On July 17, 1965, the “Queen of American folk music” (per Martin Luther King, Jr.), Odetta, covered all the emotional bases and fought off nature’s challenges in a performance at the Berkshire Music Barn in Lenox.


Odetta Returns to Barn With Power, Beat, Impact

By R.C. Hammerich for The Morning Union.

LENOX – Odetta was back in the Music Barn Saturday afternoon, singing folk songs with her big, round, beautiful voice.

The Difference

She is not really a folk singer. She is a singer of folk songs. There’s a difference. 

She didn’t come out of the backwoods with her head full of neighborhood ballads, a beat-up banjo in her hand.

She started with a superior mezzo-soprano voice, took it to music school, trained it, and uses it now to sing all manner of folk songs from many ages and places with skill and impact.

Dramatic Songs

As illustrated Saturday, she likes to sing the dramatic songs, the songs of work, prison, protest and tragedy. And she likes the comic songs and lullabies.

On Saturday her rich voice often asked too much of the amplifying system, and some of her dramatic power was lost in electronic distortion.
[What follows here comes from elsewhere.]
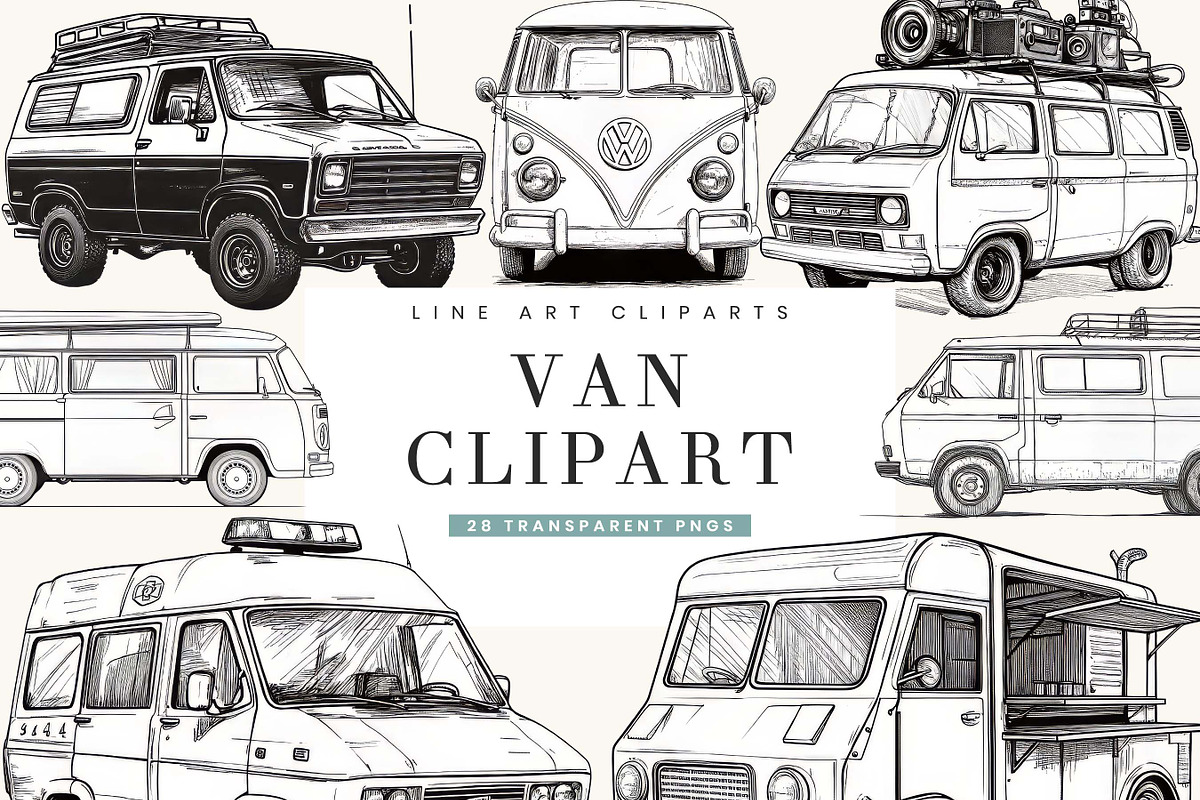 Van Line Art Clipart  Bundle, a Transportation Illustration by BusyDaydesign (Photo 1 of 8)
Some, also, was lost in the normal distractions of an afternoon recital … visible motion in the surrounding audience and the occasional wail of a child.

Wind and Rain

Saturday, also, there was wind and rain on the canvas roof to be overcome. A strong beginning of “Deep River” was destroyed by a frightened chipmunk that scurried up and down an aisle and set the audience giggling.

And some of Odetta’s usual theatrical effect was lost by her own increasingly (since a year ago) garbled diction. The announcements of titles, too, were not understandable.

Most of her songs were narrative tales set to melody. Half of their value is in the understanding of the story. Nearly none of Odetta’s words were understandable Saturday.

But with all that to quibble about, she still gave an impressive performance. Even without the words, the music has plenty of emotional substance.

Her shouting and crying songs were full of anger and fear, her moans full of anguish, her lovely lullabies full of love.

Her rich and resonant deep tones, not often used, were enhanced by their scarcity, and her driving propulsion frequently carried the audience along with a strongly rhythmic beat.

Not counting the distractions, Odetta was still up there with the best of them Saturday.